Редактор популярного «Московского листка» Н. Пастухов, обедая, просматривал «Новости дня», издание конкурента Липскерова, и, тыкая в рекламу некоего портного Мандля, с презрением пояснял:
– Штанами плотють!
Здесь преподаватели консерватории торжественно отпраздновали первый выпуск, а знаменитый фабрикант Савва Морозов не гнушался приводить сюда с собою всяких подозрительных господ. К примеру, начинающего литератора Максима Горького. Да еще и громко, на весь зал, расхваливать его:
– Я поклонник ваш… Привлекает меня ваша актуальность. Для нас, русских, особенно важно волевое начало и все, что возбуждает его.

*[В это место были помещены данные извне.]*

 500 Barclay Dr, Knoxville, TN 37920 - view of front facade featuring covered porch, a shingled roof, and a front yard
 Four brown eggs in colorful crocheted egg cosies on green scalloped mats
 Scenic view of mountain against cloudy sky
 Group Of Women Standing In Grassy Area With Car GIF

Неудивительно, что Тестовский трактир вошел в литературу. Например, «московский Гамлет» из рассказа Чехова «В Москве», нисколько не смущаясь, исповедовался: «Я от утра до вечера жру в трактире Тестова и сам не знаю, для чего жру». Да и Михаил Аверьяныч, почтмейстер из «Палаты №6» того же автора, не брезговал известнейшим трактиром. Как-то раз, зайдя туда вместе со своим другом доктором, он «долго смотрел в меню, разглаживая бакены, и сказал тоном гурмана, привыкшего чувствовать себя в ресторанах как дома:
– Посмотрим, чем вы сегодня нас покормите, ангел!»

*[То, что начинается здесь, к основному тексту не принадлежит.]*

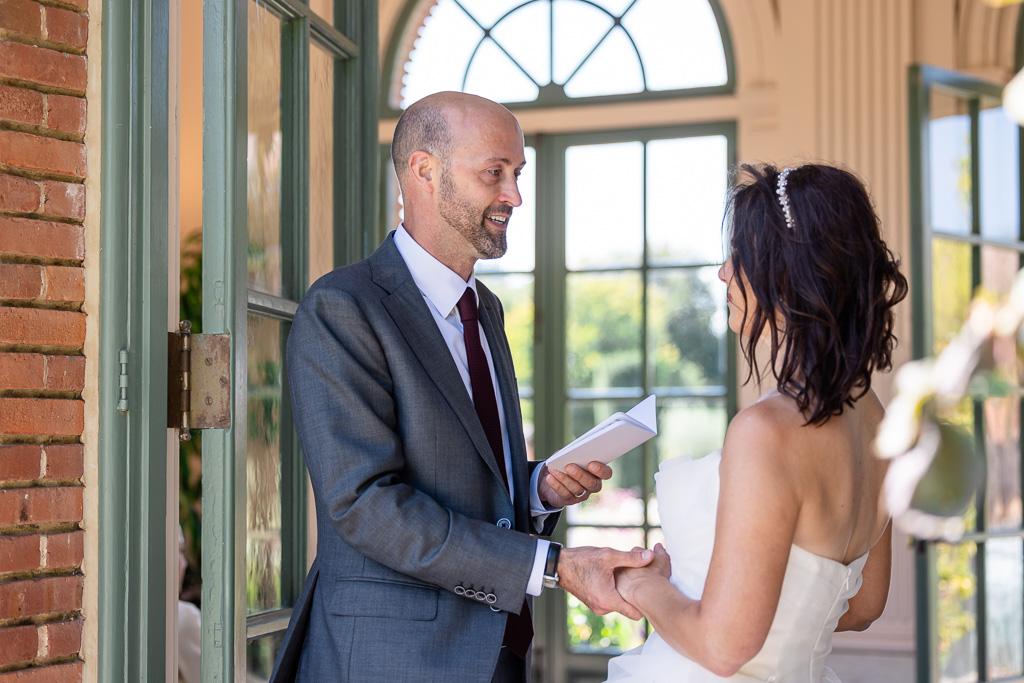 groom reading his private wedding vows to his bride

Увы, как редкостный и уникальнейший московский феномен Тестовский трактир погиб еще до революции. Владимир Гиляровский сетовал: «Во время японской войны большинство трактиров стало называться ресторанами, и даже исконный Тестовский трактир переменил вывеску: Ресторан Тестова.
От трактира Тестова осталась только в двух-трех залах старинная мебель, а все остальное и не узнаешь. Даже стены другие стали!
Старые москвичи-гурманы перестали ходить к Тестову. Приезжие купцы, не бывавшие несколько лет в Москве, не узнавали трактира. Первым делом – декадентская картина на зеркальном окне вестибюля… В большом зале – модернистская мебель, на которую десятипудовому купчине и сесть боязно.
Приезжие идут во второй зал, низенький, с широкими дубовыми креслами. Занимают любимый стол, к которому привыкли, располагаясь на разлатых диванах».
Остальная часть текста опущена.